From Publishers Weekly
Richard Doyle's (1824-1883) fairy-infused chromolithographs first greeted viewers in the 1870 edition of In Fairyland: A Series of Pictures from the Elf World. Now, Fairyland in Art and Poetry: From the Metropolitan Museum of Art pairs Doyle's popular artwork with poetry by the likes of William Shakespeare, Laura Ingalls Wilder, Eleanor Farjeon and Langston Hughes in a handsome keepsake edition.
Copyright 2002 Cahners Business Information, Inc.
Copyright 2002 Cahners Business Information, Inc.

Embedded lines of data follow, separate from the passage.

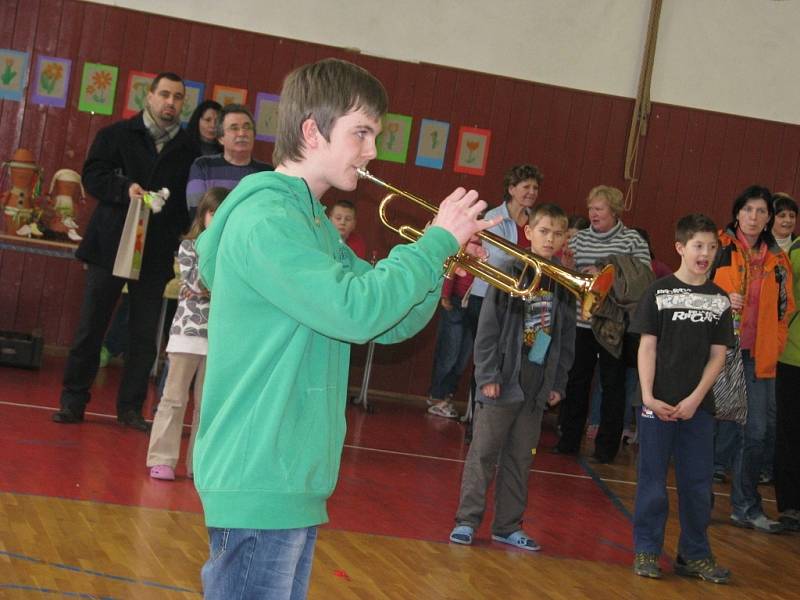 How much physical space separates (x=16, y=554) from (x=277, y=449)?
2151 millimetres

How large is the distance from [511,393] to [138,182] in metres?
2.68

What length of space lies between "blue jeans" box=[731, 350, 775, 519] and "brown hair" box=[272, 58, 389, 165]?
4.12 m

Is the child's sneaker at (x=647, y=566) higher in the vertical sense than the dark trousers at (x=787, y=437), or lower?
lower

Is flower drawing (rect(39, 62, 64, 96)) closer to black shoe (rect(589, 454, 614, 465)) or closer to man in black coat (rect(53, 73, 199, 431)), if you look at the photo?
man in black coat (rect(53, 73, 199, 431))

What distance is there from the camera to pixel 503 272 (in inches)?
128

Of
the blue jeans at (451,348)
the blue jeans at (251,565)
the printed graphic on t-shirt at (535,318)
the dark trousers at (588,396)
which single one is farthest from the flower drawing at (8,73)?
the blue jeans at (251,565)

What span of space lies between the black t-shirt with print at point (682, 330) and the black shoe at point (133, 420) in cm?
292

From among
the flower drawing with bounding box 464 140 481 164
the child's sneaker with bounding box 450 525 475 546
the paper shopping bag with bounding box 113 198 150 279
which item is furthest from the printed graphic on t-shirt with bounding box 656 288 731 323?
the flower drawing with bounding box 464 140 481 164

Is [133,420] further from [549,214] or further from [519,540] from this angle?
[549,214]

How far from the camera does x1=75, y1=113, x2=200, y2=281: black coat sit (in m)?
6.26

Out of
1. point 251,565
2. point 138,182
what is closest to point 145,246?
point 138,182

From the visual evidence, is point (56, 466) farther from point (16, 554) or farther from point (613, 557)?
point (613, 557)

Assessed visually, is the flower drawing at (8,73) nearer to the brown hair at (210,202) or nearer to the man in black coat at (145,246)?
the man in black coat at (145,246)

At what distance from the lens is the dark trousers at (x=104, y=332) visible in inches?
245
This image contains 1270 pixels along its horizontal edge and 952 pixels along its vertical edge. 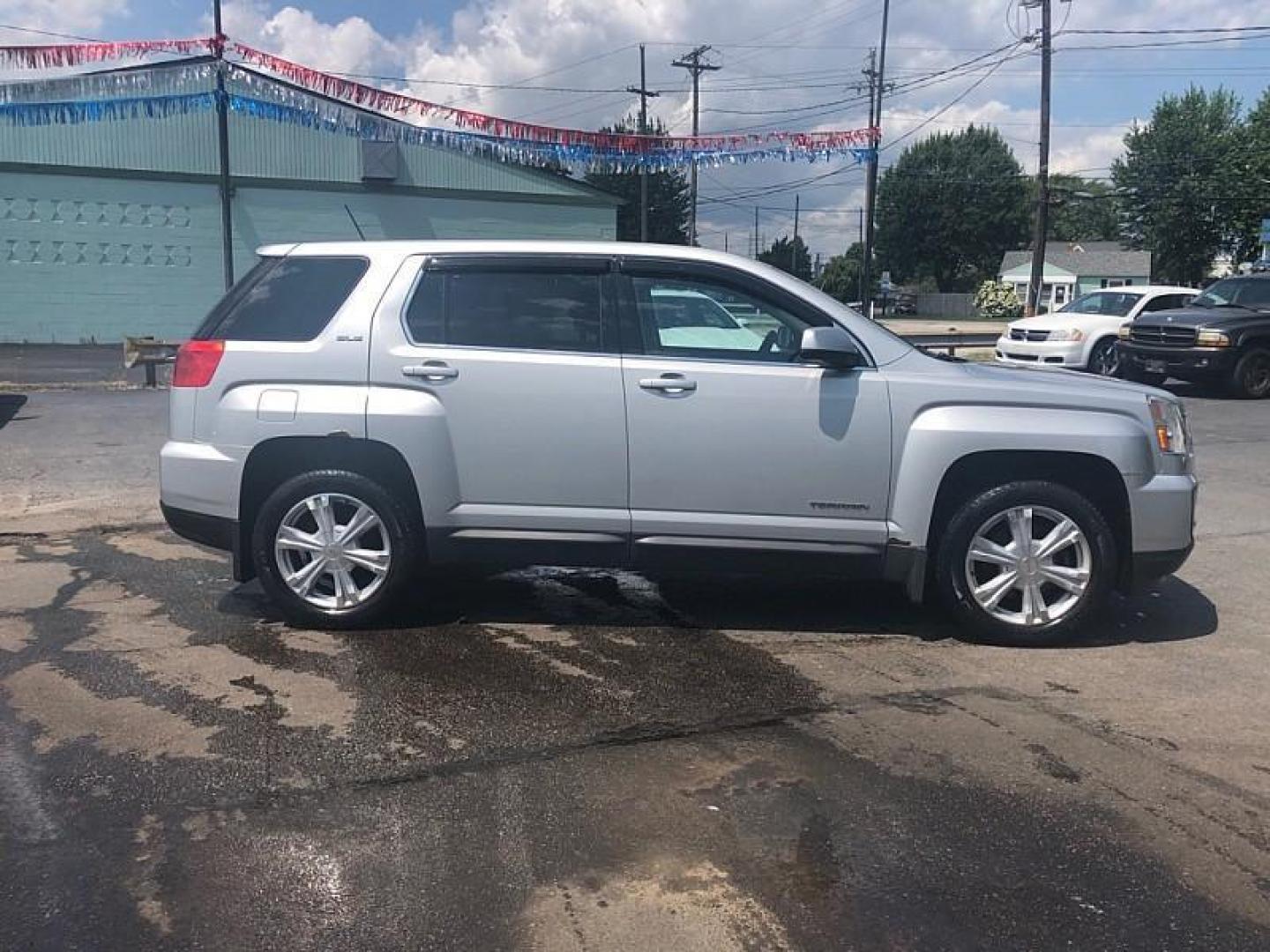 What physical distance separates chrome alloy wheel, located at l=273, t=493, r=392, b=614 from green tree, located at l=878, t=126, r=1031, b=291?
81.8m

From School Library Journal
Grade 3-7 Richard Doyle's classic 1870 book In Fairyland is held by the Metropolitan Museum of Art, and the museum has reproduced his charming and romantic chromolithographs along with fairy poetry. The selections are predominantly by 19th-century English favorites (John Keats, William Shakespeare, Walter de la Mare), though American, Irish, and Scottish poets are included, as well as some early 20th-century authors (Stevie Smith, Langston Hughes, Laura Ingalls Wilder, Eleanor Farjeon). The 22 poems, all metered and rhymed, match the spirit of the illustrations, and will appeal to readers in their Secret Garden or Anne of Green Gables stage. Several of the poems are excerpted (Shakespeare's from plays, without citation), and readers may be getting more than they bargained for with Keats's "La Belle Dame Sans Merci" or the excerpt from William Butler Yeats's "The Stolen Child," though these are worthy verses to be haunted by. With its beautiful colors and heavy-stock paper, this attractive book will be picked up as light fare-and readers may enjoy it as such. Libraries that never have enough "pictures of fairies" will certainly want at least one copy. -Nina Lindsay, Oakland Public Library, CA
Copyright 2002 Reed Business Information, Inc.
Copyright 2002 Reed Business Information, Inc.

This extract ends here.